D’où vous est venu ce fantasme de séquestration ?
D’un texte de Philippe Sollers où il dit qu’il rêve de séquestrer Martha Argerich (grande pianiste argentine, ndlr). Un soir aussi, j’écoutais Le Clavier bien tempéré, de Bach, à la radio et je me disais : ce serait bien que ça ne s’arrête jamais, que ça se passe chez moi en live sur mon vieux Steinway délabré... Car cette musique, elle me lave - « Bach », c’est « ruisseau » en allemand.
Le roman explore également, et ce n’est pas si fréquent en littérature, le désir qu’éprouve une dame âgée pour un homme bien plus jeune.
J’ai voulu justement aller du côté de cette provocation-là. Est-ce qu’il y a un âge où il n’y a plus de désir ? Pourvu que non, pourvu que, jusqu’à mon dernier souffle, j’aie cette envie de briser la muraille de moi-même, de bondir par la fenêtre pour aller rejoindre, pas forcément un pianiste, pas forcément un être humain, mais un renard, un lièvre, un arbre qui se balance, tout ce que j’appelle « la peau du monde ».
Que représente cette « maison à l’envers », véritable personnage aussi, dans laquelle vit la narratrice ? Un miroir, un anti-monde ?
J’habite une ancienne ferme dotée d’un toit immense, fait pour contenir beaucoup de foin, qui me donne l’impression de vivre dans une coque de bateau renversée. J’aime bien cette idée d’un monde à l’envers qui aurait perdu un peu de son bon sens et qui, du coup, vous paraît neuf.
D’ailleurs, l’envers d’un tissu, d’une tapisserie, vous révèle souvent des choses bien plus riches, bien plus sauvages, bien moins disciplinées, que
l’endroit.
II y a beaucoup d’onomatopées dans vos livres, qui retranscrivent les sons de la nature. Dans les œuvres d’art que vous créez, il y a des feuilles mortes et des mots. Comment vos langages littéraires et plastiques s’interpénètrent-ils ?

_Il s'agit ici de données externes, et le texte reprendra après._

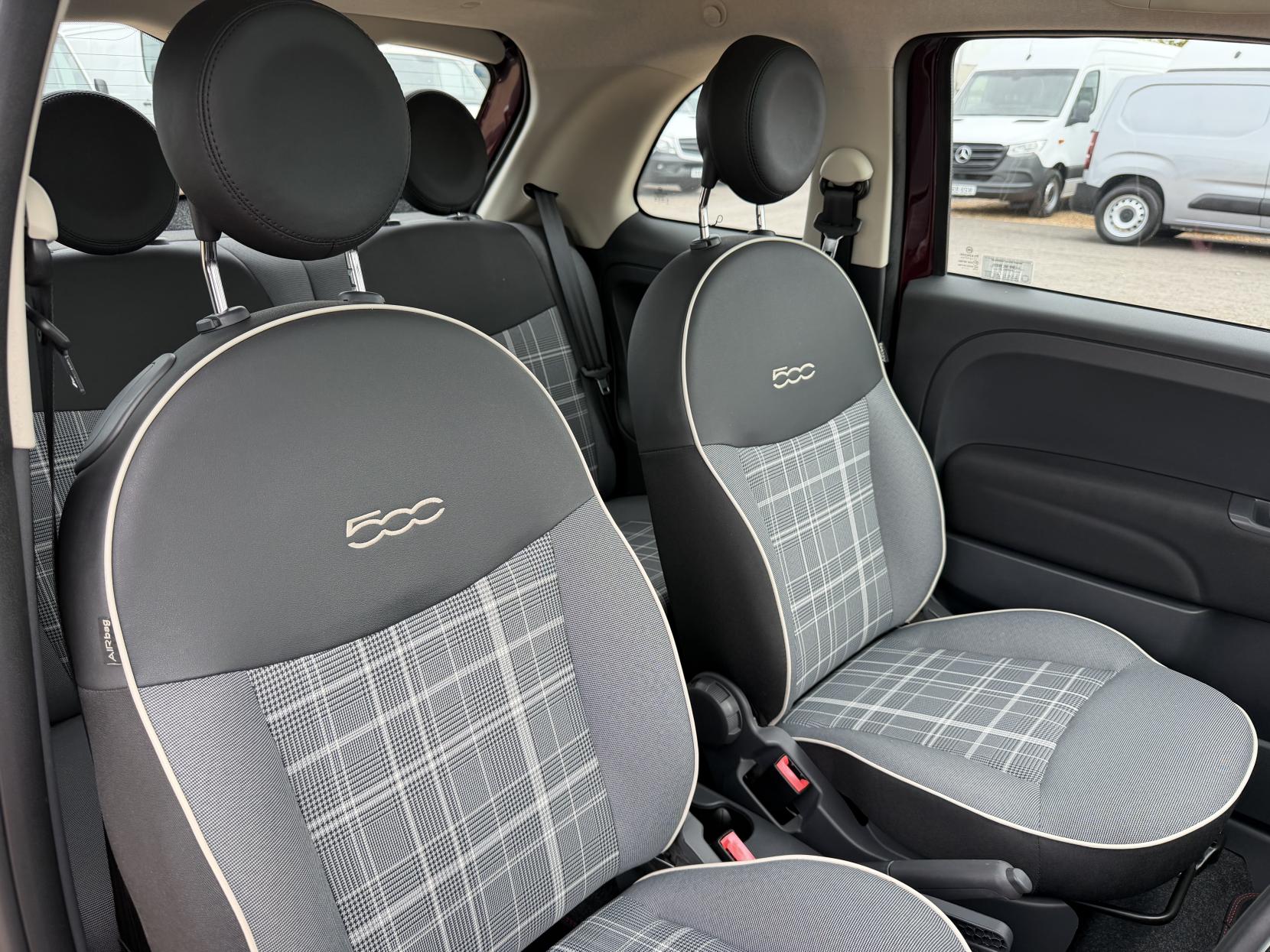2016 Fiat 500 0.9 TwinAir Lounge Hatchback 3dr Petrol Manual Euro 6 (s/s) (105 ps) - Thumbnail 15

J’ai été extrêmement marquée par le De rerum natura (De la nature des choses, ndlr) de Lucrèce, pour qui le langage est une chose physique, pour qui les mots sont comme des graines de pavot qui se défont. Ça me plaît, ça, qu’il n’y ait pas de séparation entre le cérébral et l’organique. Mon métier, que je transforme des feuilles de chêne en feuilles de papier, que j’imprime des chants d’oiseaux, que je fabrique des bibliothèques de cendre ou que j’écrive des livres, c’est d’explorer les textures et les langues de la nature.